En cette matinée de printemps, lundi 29 mars, les rayons du soleil rasent les toits de la capitale auvergnate. L’un d’eux vient caresser la façade d’un bâtiment imposant, jonchée de banderoles à messages : « No culture, no future », « Bienvenue à toutes et tous »… Il s’agit du théâtre de La Comédie de Clermont-Ferrand, scène nationale, dont les locaux agrandis ont tout juste été terminés en septembre 2020. Planté au cœur de la ville, il est l’un des 90 lieux occupés en France par des acteurs du monde de la culture. Ici, depuis le 15 mars, ils se sont regroupés en un collectif : Culture en danger 63.

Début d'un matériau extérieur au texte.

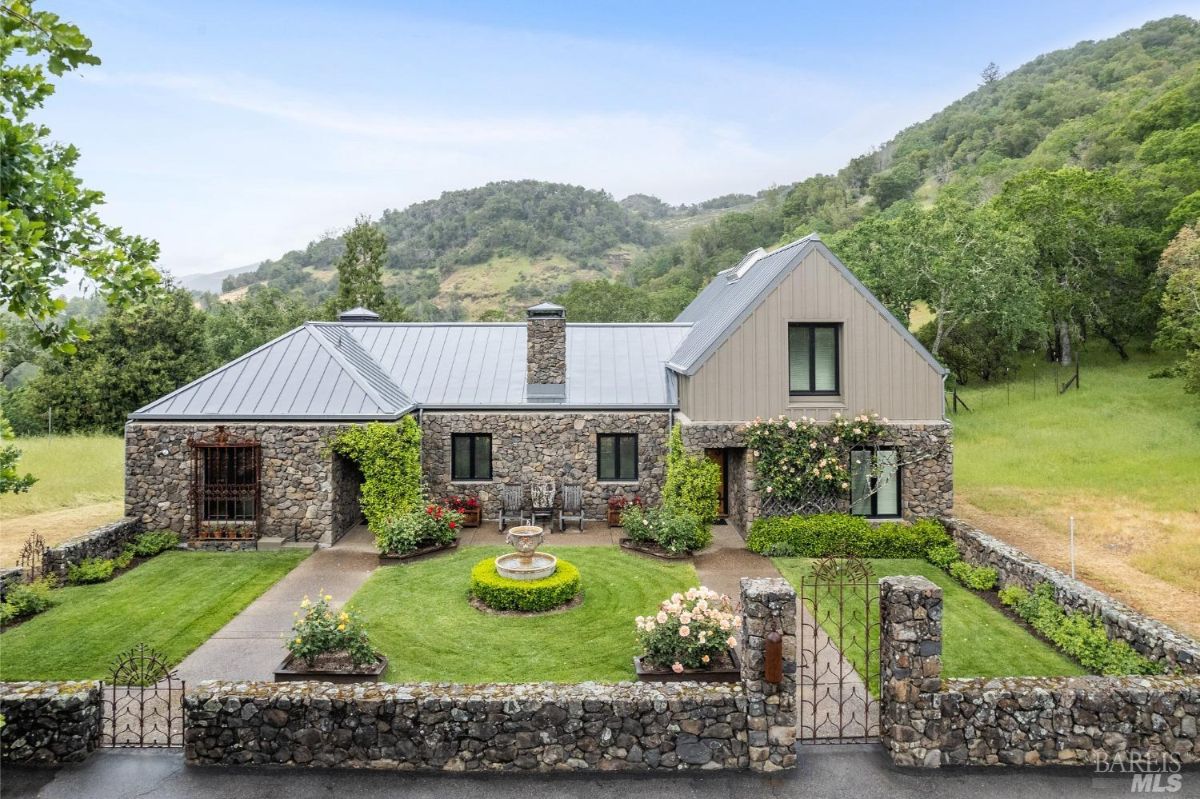 A rustic stone home with a symmetrical courtyard, lush landscaping, and a central fountain surrounded by vibrant greenery and flowers.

À peine dix heures sonnées, déjà une quarantaine de personnes ont attrapé des chaises pour former deux groupes de débat sur le parvis. Clélia, artiste plasticienne de 28 ans, anime l’un d’eux sur le « statut flou des artistes auteurs », différent de celui des intermittents du spectacle. La vingtaine de participants, parfois encore étudiants aux Beaux-Arts, échange. Hélène, sculptrice de 29 ans, alterne petits boulots alimentaires et phases de création depuis son diplôme. Elle explique : « Ce statut ne nous donne aucune garantie et nous isole. On ne peut ni toucher des indemnités chômages ni maladie. » Quand elle a entendu parler de cette rencontre, elle n’a pas hésité à se rendre à La Comédie, occupée pour la première fois.
A l’intérieur du hall massif, le collectif s’est organisé. Un garde-manger a été aménagé à gauche de l’entrée. Au fond, le coin dortoir, fait de tentes et matelas à même le sol, a été installé. Il accueille chaque soir une vingtaine d’étudiants, des membres d’un collectif de « teufeurs » et des techniciens.
Antoine, musicien de 31 ans, ne couche pas sur place mais « passe ses journées ici ». Au chômage depuis mars, il fait partie du « petit QG » communication et cogère les réseaux sociaux du collectif. Lucie, chanteuse et représentante CGT-Spectacle, gère les communiqués. Tous deux ont peu d’espoir que soit reconduite l’année blanche pour les intermittents. Elle permettrait pourtant de maintenir leurs droits d’accès au chômage après le 31 août. Ils espèrent qu’au moins, cela permettra d’amplifier le mouvement d’occupation « qui ramène un peu de vie et crée un espace politique nécessaire ».
Des revendications aux « contours élargis »
« Tous les copains de lutte sont les bienvenus », confie Sébastien Guerrier, musicien de 47 ans à la longue chevelure grise. Représentant CGT-Spectacle Auvergne, il est l’un de ceux qui ont instauré l’occupation, avec l’accord du directeur, Jean-Marc Grangier. Comme le mouvement national tente de le faire, il veut miser sur « la convergence des luttes entre tous les précaires ». Le collectif clermontois veut aller plus loin en dessinant des « contours élargis » à ses revendications.